The Vitolig 150 is an Orlan according to the German 'Boiler Room' forum



> Der Vitolig 150 ist nämlich ein Orlan von Firma Eko-Vimar Orlanski aus Polen.


----------



## Buck1200 (Jan 31, 2008)

The design guide on the UK Windhager site has prices, which for a moment I thought they were reasonable until I realized they were in english pounds rather than euros.  Ouch!


----------



## Eric Johnson (Jan 31, 2008)

I was shocked at the current exchange rate for Euros--yikes--something like .65 $ per E. Last time I was in Europe, they were at par, and I thought that sucked.

You're amazing, Burn-1. Good to see the Germans are as nuts as us when it comes to obsessing on their wood heat.

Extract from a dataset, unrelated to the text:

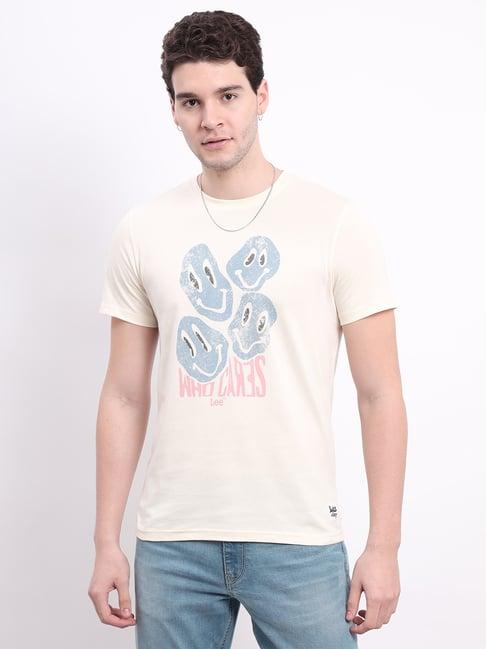 lee light beige regular fit graphic print cotton crew t-shirt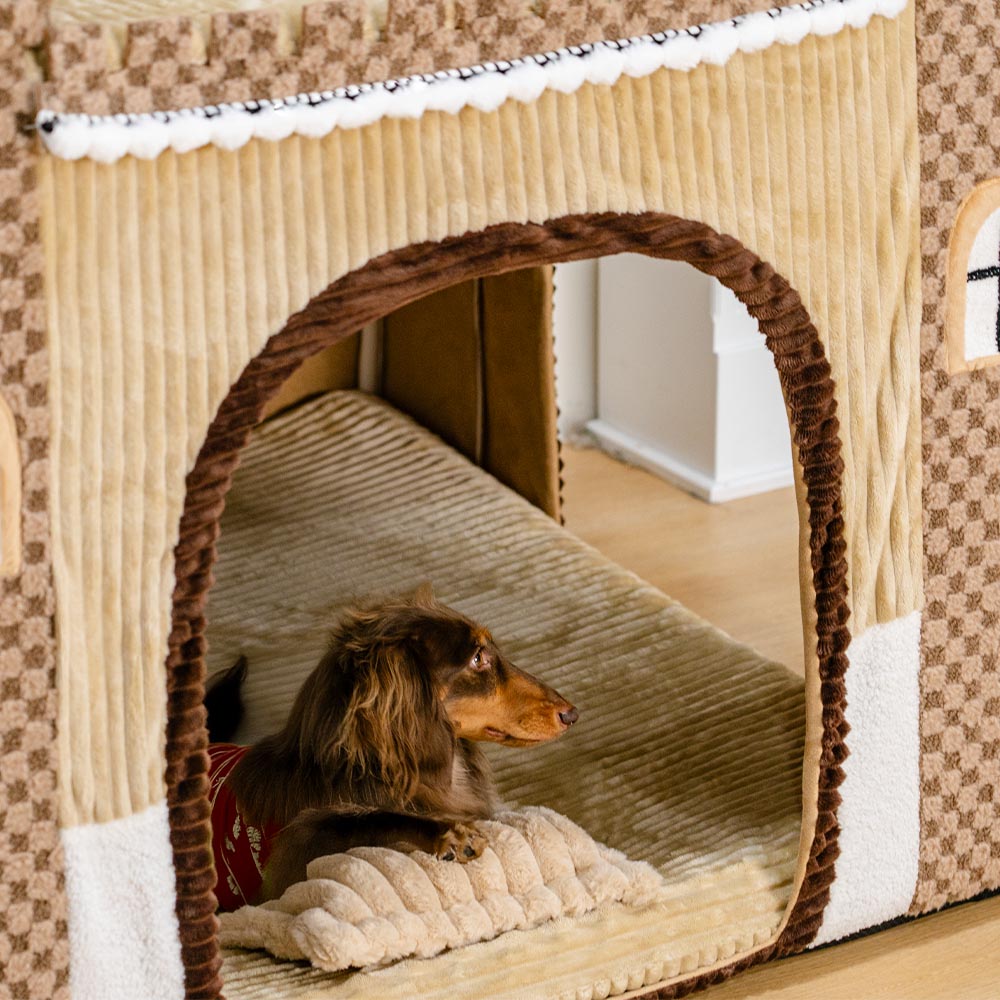 Cozy Orthopedic Kids Indoor Play Castle Bed Dog Tent Bed - Fairytale Dreamland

I like the refrigerator styling on the 200 and the HMX. Have a Becks while I'm waiting for the boiler to get up to temp and maybe chat up Jimbo's girlfriend while I'm there, just to make the trip to the boiler room complete.


----------



## ISeeDeadBTUs (Jan 31, 2008)

You ain't chattin up the Swede, no way no how. The German GF or for that matter, any other make or model you can chat up to your heart's content. Just have her bring me a Brewski too ;-) 

Oh, BTW, you think I'm an obstinate prick now, wait till someone here gets a Vitolig200 before I do :coolmad:


----------



## Burn-1 (Jan 31, 2008)

buck1200 said:
			
		

> The design guide on the UK Windhager site has prices, which for a moment I thought they were reasonable until I realized they were in english pounds rather than euros.  Ouch!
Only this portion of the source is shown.